Thursday, 28 September 2017

"Traditional Christmas Elephants" ... Again

I try not to repeat things too much, but it seems the right time of year to remind you about  "The Traditional Christmas Elephant". I published this pattern in the Spring, as I just couldn't wait, but I think now is the time of year people start thinking about making Christmas decorations. (You can read more about my ideas then here.)

For my new decoration I wanted to make something that had not been done before. You can find the pattern on Etsy, LoveKnitting, or Ravelry.
The pattern contains instructions for both large and small elephants. They have a felt backing, and my pattern contains photos and instructions on how to put the elephant together. You can also make it with or without the coloured seat section.  These elephants are a fairly quick make, so if you were looking to give the decorations as gifts it is ideal, as they are handmade and personal but not too time-consuming. You can use up oddments of wool that you have left over from other projects.

My other reason for repeating the pictures is that I have put the actual elephants in my Etsy shop. I have taken the opportunity to add a few other knitted items and relist some patterns that I had let drop out of the shop.
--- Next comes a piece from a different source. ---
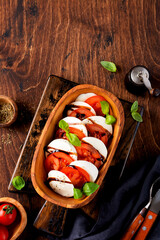 Caprese salad Italian food with ripe tomatoes, fresh garden basil and mozzarella cheese in olive wooden bowl on old rustic background. Top view flat lay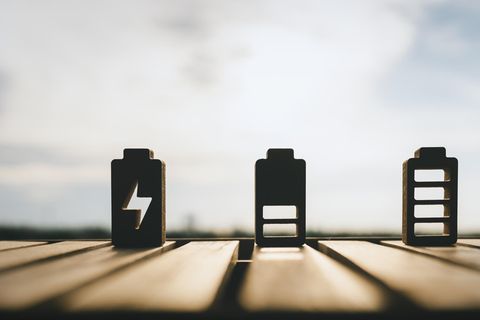 Speicher von Sonnenenergie – drei nachgebildete Batterien im Lademodus stehen in der Sonne.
I am busy working on a new pattern. I am very excited about it, but this doesn't seem to have translated into getting on with it. It is one of those patterns that the family have scoffed at - "you just can't make one of those out of wool". Ha, they will see. I have the whole thing worked out in my head, but I need to get on and knit it and write the pattern. I would also say it is something that is iconic, and I think people who like them, really like them. If you want to have a guess in the comments please do ... but you will never, never, never get it.

Saturday, 23 September 2017

New and Old

I spent a few hours this morning wandering around the V&A in Kensingston, while my daughter was doing maths. I stumbled across the Woman's Hour Craft Prize Exhibition. (Click here if you would like to see the other finalists.) In case you don't know, Woman's Hour is a radio programme on Radio 4, and to celebrate its 70 year anniversary it has run a competition to celebrate the most innovative and exciting craft. 

I was of course drawn towards the textile designer, who uses darning, knitting and embroidery. I think here the important thing is the story behind the garment. Clothes are such a personal thing. What I liked best about this entry to the competition was the photgraphy of Bill wearing the pullover. I wandered off to walk around Hyde Park, thinking about how we have very much become a throw-away society.

So with this in my head I also thought you might like to see another entry, the work of Phoebe Cummings, who creates temporary sculptures. The clay is not fired, so this beautiful sculpture will just last for the time of the exhibition, and will be then squashed down to clay - that can be reused.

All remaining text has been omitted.